The ethic foundations of capitalism are not necessarily the same as the (protestant or other) ethics of the capitalist or the ethics in business. Business ethics is the study or practice of the good or right in a business setting. For instance, the responsibilities of a CEO in relation to the company’s stakeholders. Or whether in some industries managers need to preserve primitive hunting or predatory instincts.

The origins of freedom and individualism go back to Aristotle (384-322 B.C.), who argued that a human being uses his rational mind and free will to pursue his well-being and personal happiness. John Locke (1632-1704) extended these concepts to include the state of nature, natural law, natural rights, social contract, consent of the governed, and the right of property ownership. So, the ethics of capitalism must be discussed around the foundations of capitalism – namely, the ethics of private property, the profit motive and free competition - and not in terms of the social responsibilities of businessmen.

For Adam Smith and Hume the morality of capitalism resided mostly in the virtues of prudence and reciprocity, respectively. For Smith, the first to study capitalism, economics was still a moral science. Only after Marshall, did the prevailing view of economics as a positive science takes its roots based on the assumption that preferences are “given”. The assumption of utility maximization was replaced by wealth maximization and “greed” was adopted as an undisputable microeconomic assumption.

Despite Adam Smith’s demonstration that 'self-love', could be the greatest driver of wealth creation as long as it was restrained by market competition, law, and customary morals, today many sceptics still question either the morality of money-making or wish it to be unrestrained. Some qualify money-making as bad and enterprise as good, but these are truly the two sides of the same coin because the first measures the success of the second.

For Keynes, the distasteful aspects of capitalism would have to be endured until the accumulation of wealth loses its social importance. In his words: “Avarice and usury and precaution must be our gods for a little longer still. For only they can lead us out of the tunnel of economic necessity into daylight. (JMK, CW, IX, pp.329, 331)”.

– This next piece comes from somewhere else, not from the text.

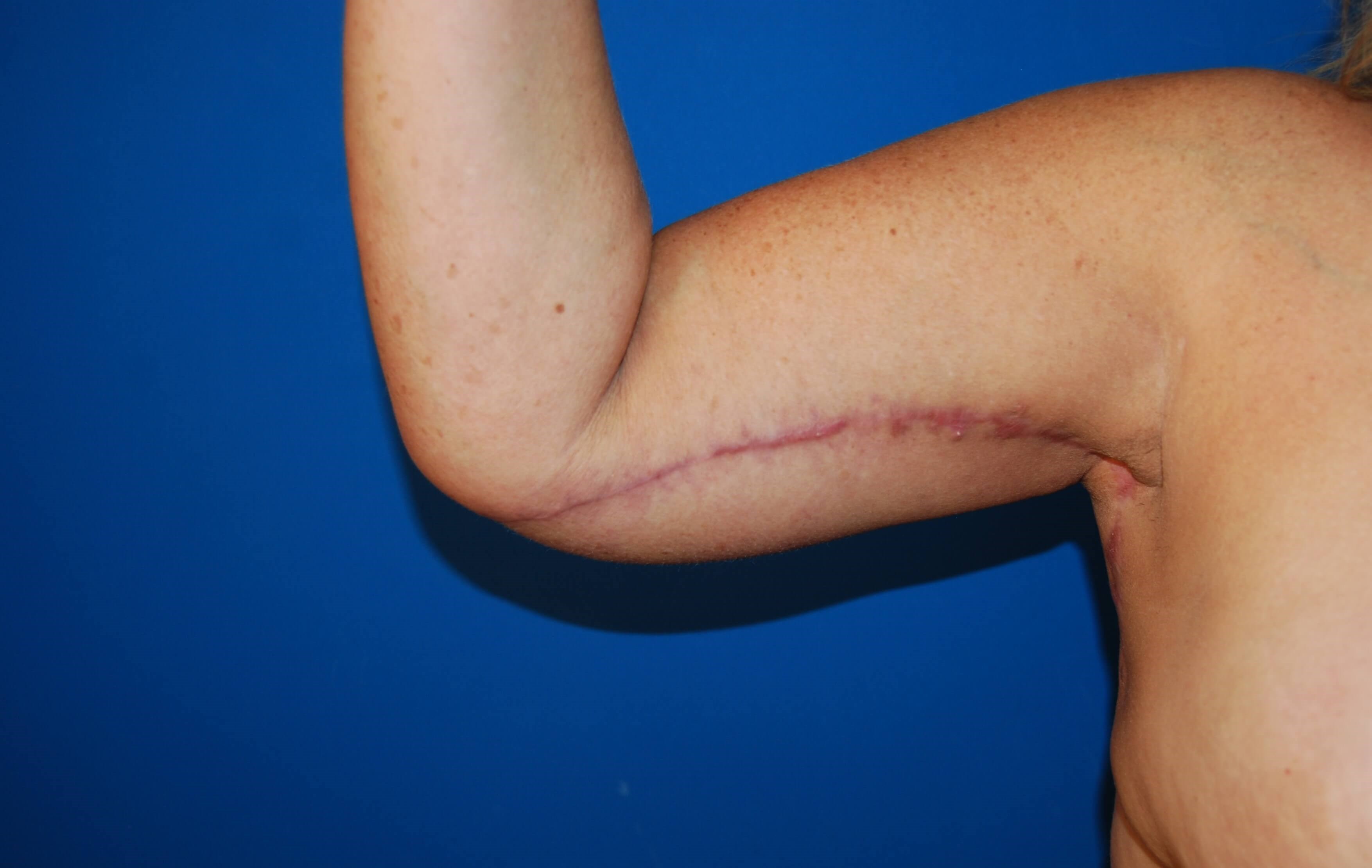 Inner Arm- Right 3 Months After Arm Lift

Of course capitalism is not flawless. It is true that capitalism is affected by moral dilemmas, market failures and externalities, but these are the exception not the rule. It is also true that it may cause some unhealthy patterns in terms of consumption. But in market capitalism these imbalances are necessarily temporary; while they are bound to be perpetuated under other economic systems and government rule.

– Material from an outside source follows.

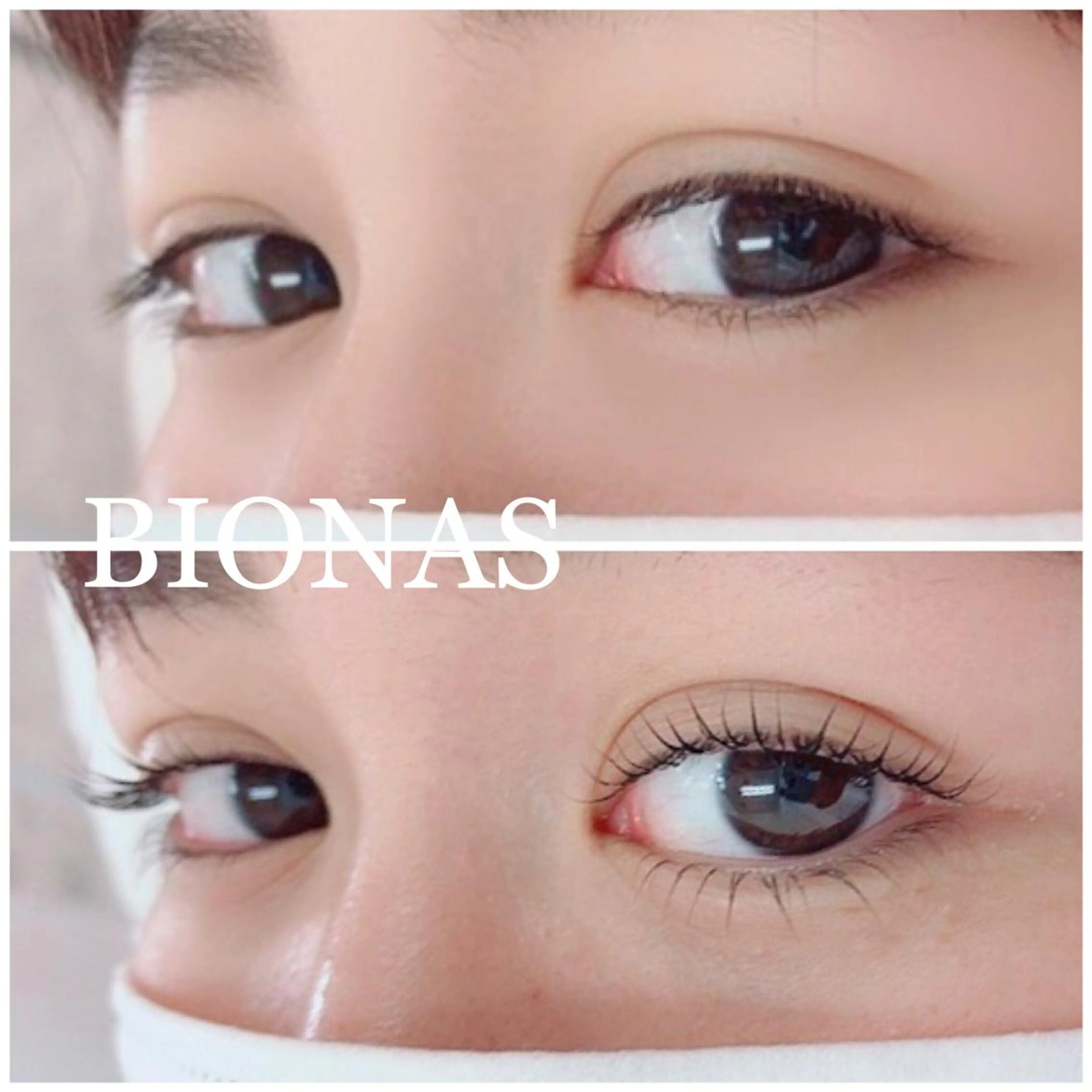 次世代ラッシュリフト上下の写真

In fact the food industry provides a unique proof of this principle. As soon as the junk food became dominant and inefficient, a growing number of enterprising capitalists stepped in to offer all sorts of alternatives without any government intervention; ranging from the organic food industry to keep fit and health clubs.

Indeed if the fast-food industry still caters for so many people it is because of governmental failures rather than market failures. It is because of government failures that we have an ever growing number of families living on social security and low-cost dinners. It is because governments provide lousy school meals that children acquire unhealthy eating habits. And, it is also because of government´s inadequate funding for scientific research in food and health that we have so much voodoo science in what relates to healthy eating habits.

On the contrary, capitalism is part of the solution for these government failures. By competing to provide low income families with affordable and varied meals it facilitates the acquisition of good eating lifestyles.

That is really the beauty of market capitalism. Instead of raising regulatory barriers to protect the incumbents in the food industry competition ensures that they will be under permanent challenge. So, it corrects not only its own imbalances but also those created by devious as well as well-meaning paternalistic governments.